Options for funding a college education Featured

10:08am EDT July 22, 2002
Many business owners and executives spend more time planning for the future of their companies than they do preparing for their family's financial needs. As a result, saving for a child's college education can be one of the lowest priorities. But aside from retirement, it can be one of the largest expenses.

Regardless of how old your child or children may be, consider these options for saving the money it's going to cost to send them to college:

Young children

1. Gifts made to family limited partnerships or irrevocable trusts allow the income from the property to be accumulated and distributed later when needed for college.

2. Education IRAs allow nondeductible cash contributions of up to $500 per year per child. The accounts are tax exempt and distributions are tax free, providing they are used for educational purposes by age 30.

3. Custodial accounts can be established under the state Uniform Gifts to Minors Act to hold gifts of security and money. Of the income generated by the assets, $1,400 is taxed to the children.

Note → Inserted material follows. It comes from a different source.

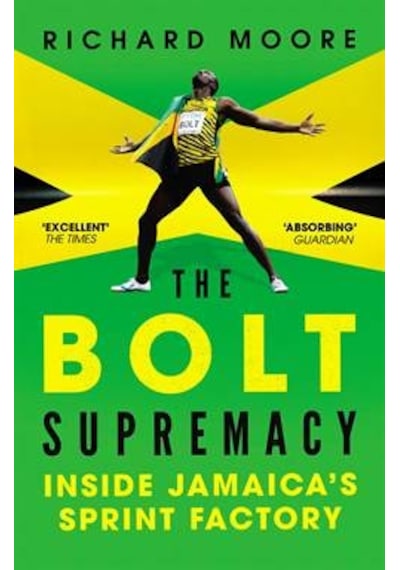 The Bolt Supremacy: Inside Jamaica's Sprint Factory 9780224092319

4. Make tax-favored investments and put money in municipal bonds, real estate, specific types of life insurance and low-dividend, high-growth-potential stocks. You can minimize taxable income and still retain control of the assets.

Teen-agers

5. If the school choice is known, invest in a rental property close to campus. Collecting rent is considered business income, making the interest and other related expenses tax deductible. Hire your child as the manager and deduct the salary you pay him or her (as long as it's reasonable). There is no FICA tax as long as you own the property personally, rather than in trust. Plus, your child may get in-state tuition rates without having to worry about finding a place to live.

6. Look into federal and college financial aid formulas. If there's any chance your child will be eligible for aid, you need to start planning to qualify-which might mean sheltering some assets-before January of the child's junior year in high school.

College bound

7. Two new tax credits apply for 1998 and beyond. The credits are more advantageous than deductions, since they reduce tax liability dollar for dollar. However, you cannot take both of these credits in the same calendar year or in a year in which you take a tax-free distribution from an education IRA.

The HOPE credit allows a 100 percent credit of the first $1,000 of education expenses, and 50 percent of the next $1,000, allowing up to $1,500 per student per year. It is only applicable for a student's first two years of post-secondary education.

The Lifetime Learning Credit can be used for an unlimited number of years and applies to undergraduate, graduate or continuing-education expenses. A taxpayer can receive 20 percent of tuition and fees up to $5,000, or a total of $1,000 per year, regardless of the number of students in the family.

8. Interest due and paid after 1997 on a higher-education loan can be taken as a tax deduction. The maximum deduction is limited to $1,000 in 1998 and increases annually by $500, before capping at $2,500 in 2001.

No matter what your situation, the time to act is now. Being prepared and staying informed is the best way for you to survive those grand old college days without having a major financial hangover.